After multiply issues with the above attempt at a silver cell I watched Palladium's videos on the subject and may have found the father to several of my problems. (Thanks for the video links) While this is a small 1 liter cell, and I only had a small amount of silver to work with I gave it another shot anyway. All of this was done today besides the cementing of the silver to make the shot. 

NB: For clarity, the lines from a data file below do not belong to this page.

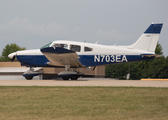 (Private) Piper PA-28-180 Cherokee (N703EA) at  Oshkosh - Wittman Regional, United States
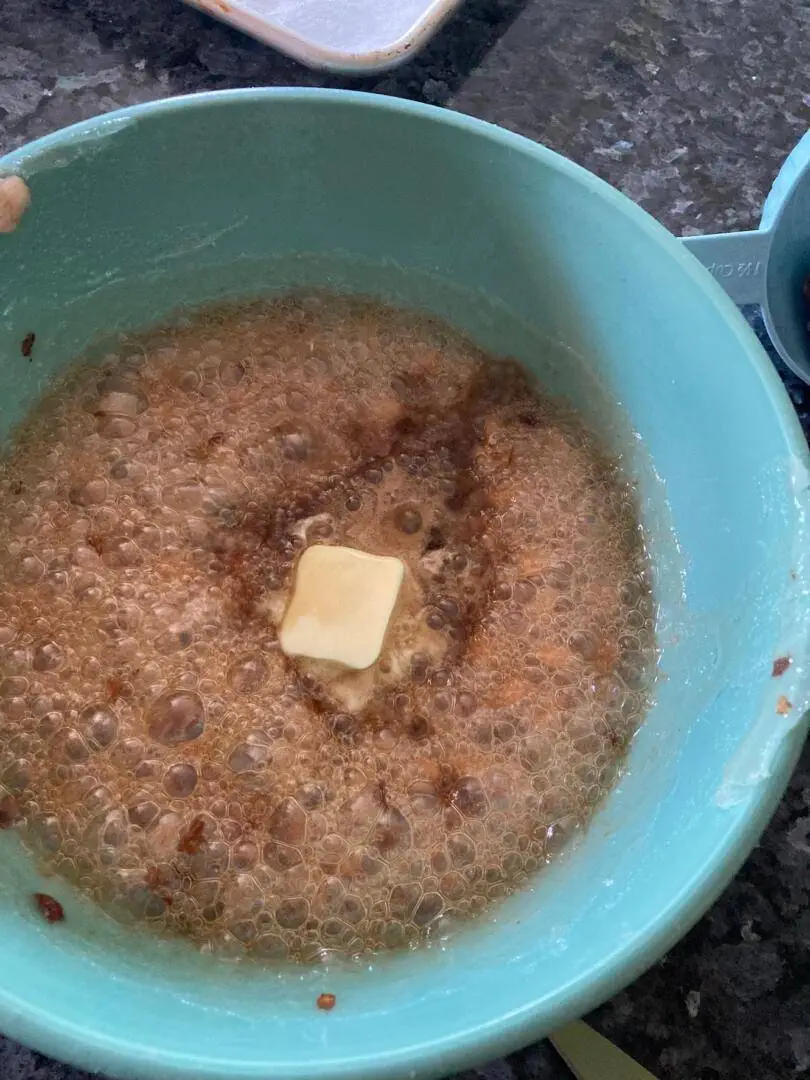 Easy Peanut Brittle from Out of the Box Baking.com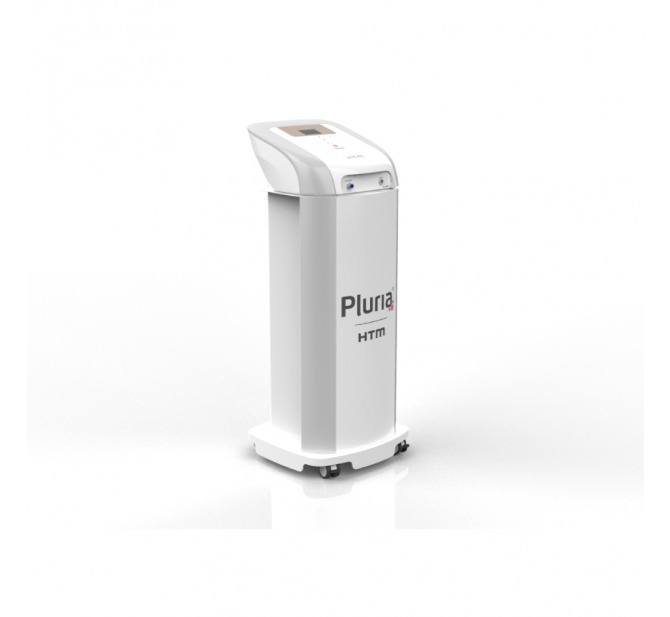 Novo Pluria HTM - Aparelho de Carboxiterapia com Aquecimento Progressivo
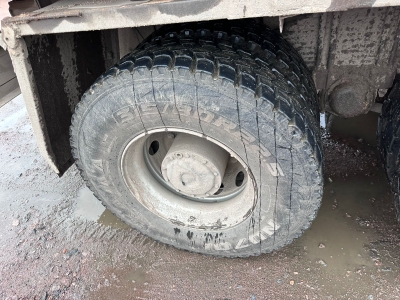 JAC N350 6x4 Самосвал 2021 г. - фото 14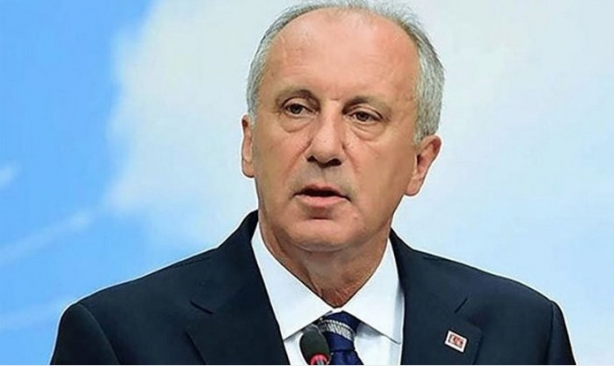 Foto - Muharrem İnce'ye kaset kumpasına AK Parti'den üst düzey tepki: Bu belaltı FETÖ taktiğidir, kınıyoruz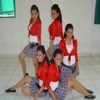 Day 4, Tiga Tim Dance Bikin Panik Panitia TOSCA 2005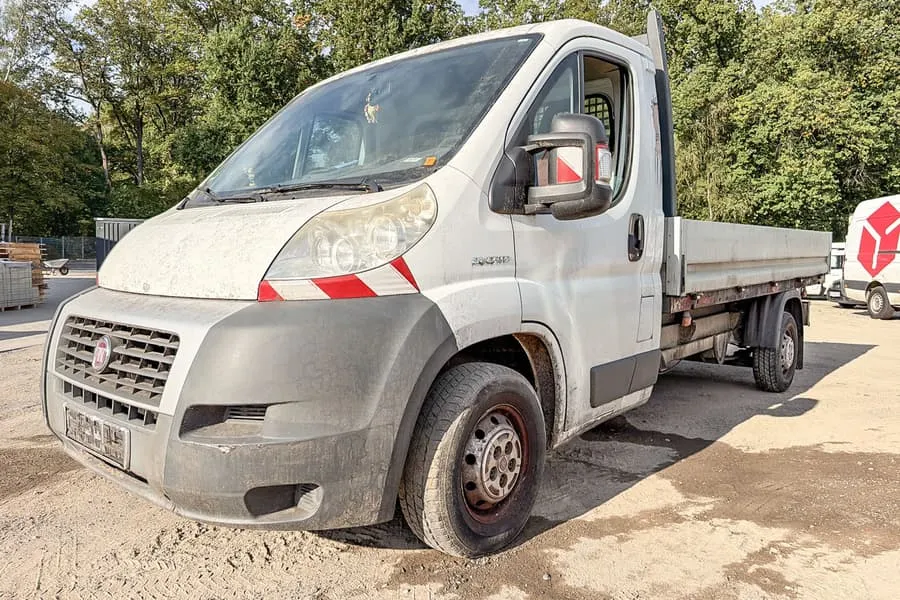 Pick-up FIAT Ducato 120 Multijet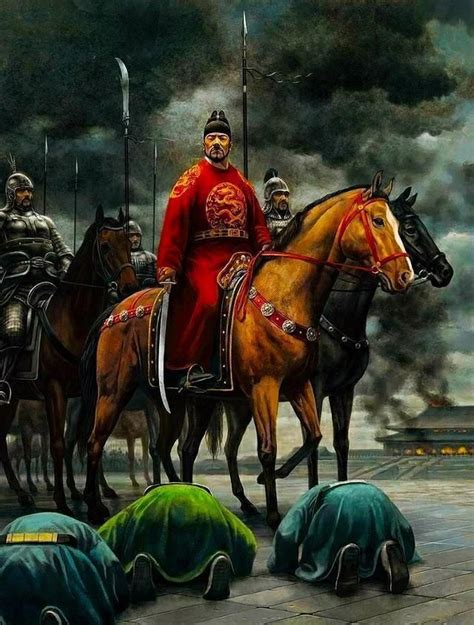 1402年, 燕王朱棣攻破南京, 《明史》用九个字交代了建文帝的最终归宿 - 360娱乐，你开心就好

While I have noted several mistakes than can be improved on next time I am happy so far, and will be looking for more silver to practice with.


----------



## Shark (Nov 23, 2018)

Maybe not as good as it should be, but a lot better than the first attempt. I have no idea what the black growth could be, and I did not even see it until I was ready to shut it down. It seems to be a late growth as the black looking spot dosen't go much past surface deep. Any ideas?


----------



## Palladium (Nov 23, 2018)

It's not black growth. It's from where you were poking around at the shot in the basket and the black powder from the basket passed through the filter cloth and dusted out on top of your crystals. Is you filter cloth material doubled or single layered?


----------



## Shark (Nov 23, 2018)

It's a single layer. I used a filter bag like kadriver used in his thread, made from a shop vac bag. I wil try to find some muslin cloth later today and see how that works unless you have something else that would do the job.


----------



## Shark (Nov 26, 2018)

I cleaned the silver from the second bowl and shoted it to run again. While it didn't look to bad it did have a dull grayish appearance. I just finished the second run using a double layer of muslin cloth. While it seemed to be larger pored than the vacuum bag it worked perfectly. I had no blackish powders this time. It seems the silver deposited denser than the previous times as well and with tight grains, Only one of the "bush's" from the "tree" growth fell loose while decanting the electrolyte as well. Here is a picture of it just after decanting it. It still doesn't look quite right but then I have very little to base that on as well. Any suggestions at this point would be welcomed.


----------



## FrugalRefiner (Nov 26, 2018)

There is a balancing act with anode bags. If the material is too light / weave is too loose / pores are too large, some of the slimes can make it through and contaminate your crystal. If it's too heavy / too tight / pores are too small, it inhibits the passage of silver ions from the anode to the cathode. That causes depletion of silver ions around the cathode, affecting the crystal growth.

Dave


----------



## Shark (Nov 27, 2018)

Thanks Dave. I am searching for more information on various filtering materials now as well. 


I had a chance to clean out my cell again and it looks pretty good after washing and drying it. I was looking for something to compare it with when I remembered I had a beautiful piece of silver crystals that kurtak gave my wife during his visit a while back. It is in the bag next to my dried silver for comparison. I am sure it isn't as pure as his, but it helps having a visual reference. Both have more sparkle than the picture shows.


----------